A PRE-5, Rádio Sociedade do Triângulo
Mineiro, de Uberaba, pioneira nos Vales dos rios Grande e Paranaíba, naqueles
vastos e férteis chapadões do Triângulo, apostou na radionovela própria. A
emissora, ligada ao grupo "Lavoura e Comércio", que deixou de
circular há poucos anos depois de uma trajetória centenária, abriu caminho, no
mundo da comunicação e do espetáculo, para um punhado de celebridades. Entre
muitos outros: Urbano Vanucci Loes, que compôs com Cesar Ladeira, Carlos Frias,
Celso Guimarães e Luiz Jatobá o time dos grandes locutores do rádio; Gontijo
Teodoro, futuro "Repórter Esso"; e Augusto Cesar Vanucci, que veio a
conquistar no teatro, cinema e televisão expressivos prêmios, inclusive o
"Emy", nos Estados Unidos, e o “Ondas”, na Inglaterra. O seu “Emy”,
em 1981, foi por sinal o primeiro da série de dez arrebatados por artistas da
Globo até o ano de 2013, quando o laurel foi conferido à fabulosa Fernanda
Montenegro. Depois do ano citado o criativo time global recebeu outros “Emys”.
O "cast" da E-5, como era
de bom tom dizer-se na época, agregava gente de valor. Alguns deles: Altiva
Glória Fonseca, dona de lindíssima voz; Silvia Riccioppo, cantora lírica e
atriz teatral de méritos; Jonas Garret, José Vianna, Raul Jardim, Sebastião
Costa, que acumulava as funções de contrarregra. Do elenco infantil faziam
parte o já citado Augusto Cesar; este locutor que vos fala; e a talentosa Valia
Vieira, filha do diretor da emissora, o saudoso Waldemar Vieira, que aliava ao
perfil de humanista incomum capacidade de ação.

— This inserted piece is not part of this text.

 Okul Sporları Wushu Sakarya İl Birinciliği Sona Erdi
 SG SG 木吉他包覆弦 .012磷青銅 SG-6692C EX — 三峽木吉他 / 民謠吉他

Se a memória não tá a fim de me
trair, "Armadilhas do destino" o nome da novela. João David, o autor,
tabagista inveterado, cigarro pendurado nos lábios, pigarro constante, dedos
amarelecidos pela nicotina, aprendera do ofício na Excelsior, de São Paulo.
Numa Remington manipulada freneticamente ia desovando com talento os capítulos
de cada dia. As cópias, em papel carbono, com uma ou outra correção a lápis,
eram distribuídas pouquinho antes do capítulo ser jogado no ar, tempo às vezes
insuficiente para os radioatores treinarem as inflexões corretas das falas.

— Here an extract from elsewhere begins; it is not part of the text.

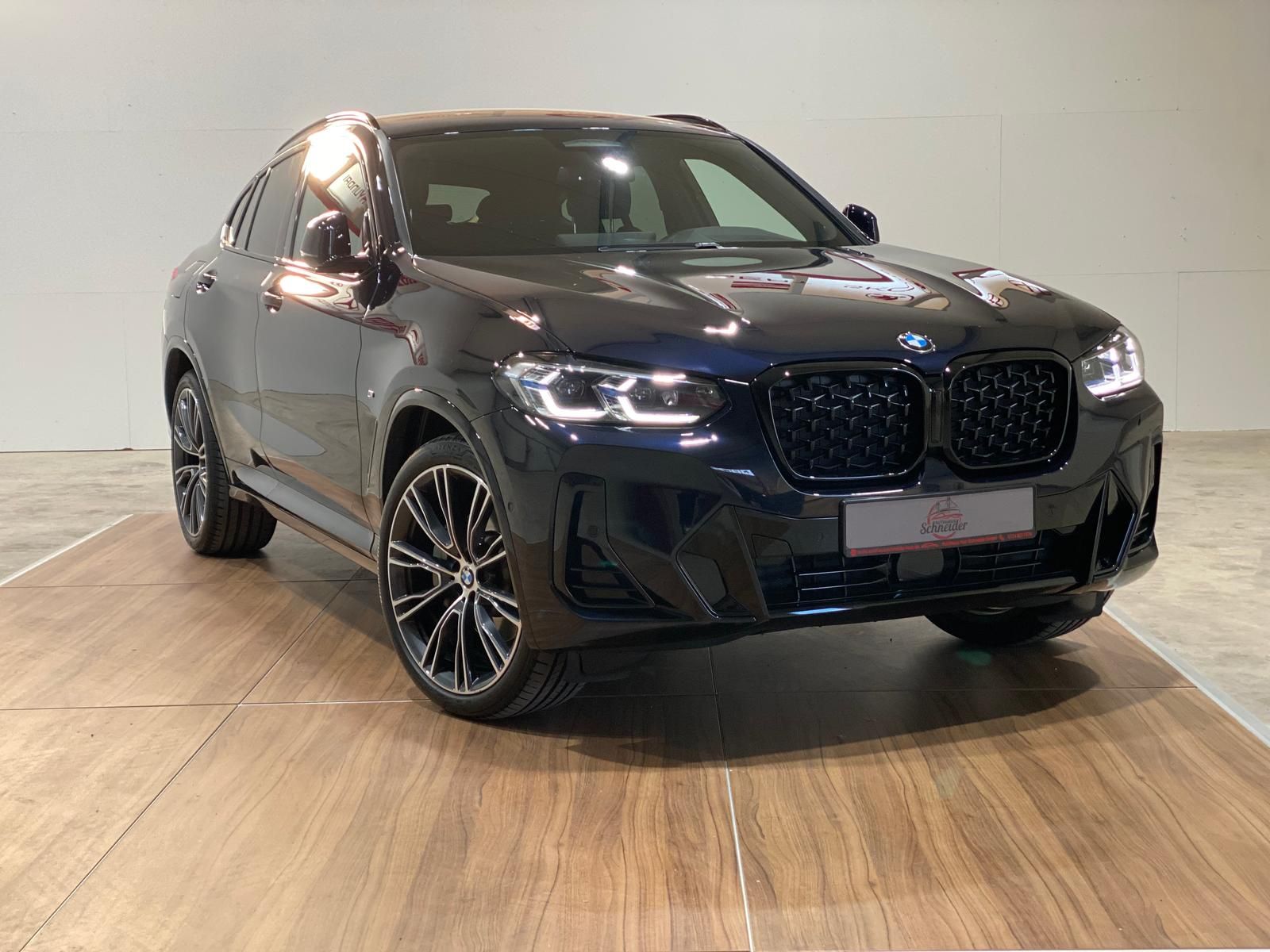 BMW X4 30d XDRIVE M SPORT HUD LEDER AHK LED VC foto 3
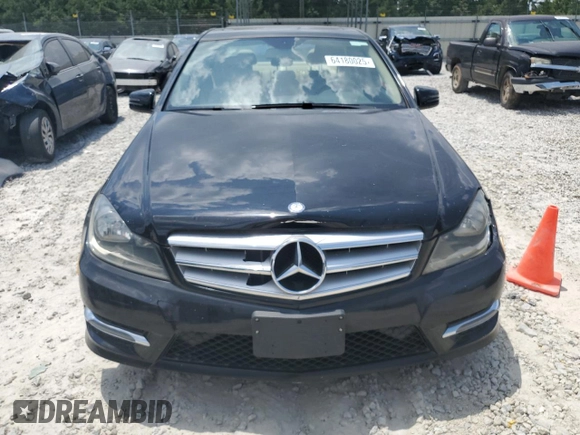 2013 Mercedes-Benz C 300 Sport with VIN WDDGF8AB2DR294620, listed as a Copart auction lot 64180025 with 157,351 mi miles and Clean title. Bid and sale history available at DreamBid. Image 5.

Seja como for, o público parecia gostar da coisa. Muitos ouvintes compareciam,
assiduamente, ao auditório, conhecido por "majestoso salão grená",
para acompanhar de perto a trama "encenada" no palco, se é que assim
possa ser dito. Em "Armadilhas do destino", as tragédias pessoais com
óbitos frequentes, se acumulavam. E como a novela já se espichasse por longo
tempo, o patrocinador recomendou a João David que apressasse o desfecho. O
autor não se fez de rogado. Anunciou, resoluto: "É pra já!". Botou os
personagens remanescentes num ônibus em viagem tumultuada por estrada coalhada
de precipícios e engendrou um derradeiro desastre. Não sobrou ninguém pra
contar história.
Um comentário:
Boa tarde mestre e amigo Cesar
Deliciei-me com seus dois artigos sobre a era do rádio, as raio-novelas e o radio teatro. Como uberabense que sou, vivenciei esta época da PRE-5, e conheci vários dos personagens mencionados nos seus dois textos, incluindo o amigo e mestre, com quem tive o orgulho de trabalhar no antigo Correio Católico, hoje Jornal da Manhã. As histórias que você contou fizeram com que voltasse ao passado de ouvinte da boa e saudosa Radio Nacional, e seus grandes e inesqueciveis atores.